*Your goal*: Reproduce only this stretch of the listing below: from the line with "peru inca trail porter team" through the line with "6728 S Madison St #C — Photo 17", exactly as written, with pictures excluded.

*Records for the exercise*:
--------------------------------

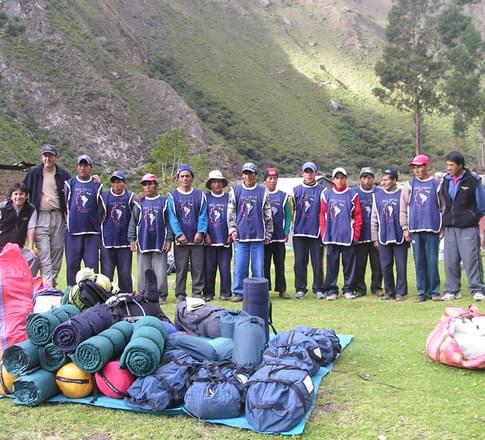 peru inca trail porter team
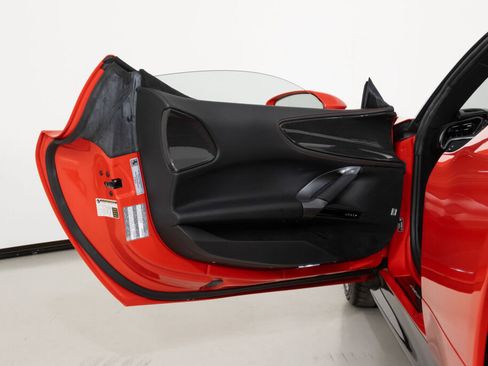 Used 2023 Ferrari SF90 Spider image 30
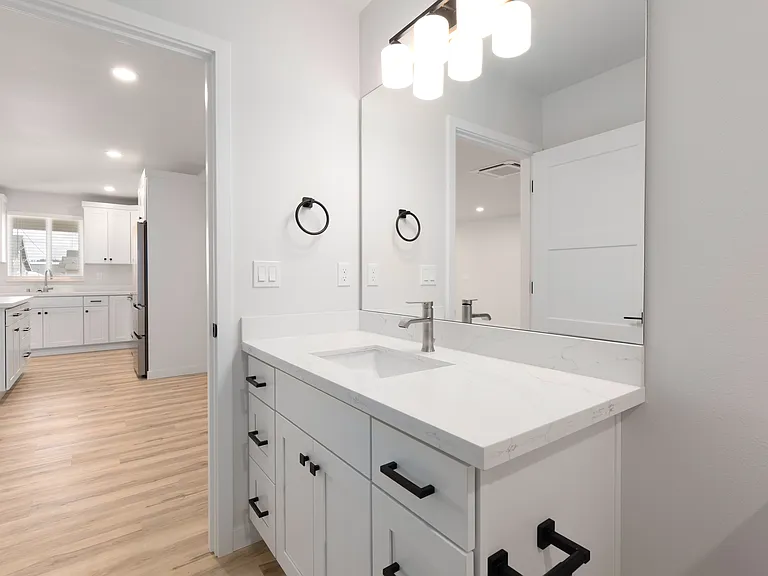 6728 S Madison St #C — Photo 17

--------------------------------

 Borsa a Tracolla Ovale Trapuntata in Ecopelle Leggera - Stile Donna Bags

--------------------------------

*Response area*:
 peru inca trail porter team
 Used 2023 Ferrari SF90 Spider image 30
 6728 S Madison St #C — Photo 17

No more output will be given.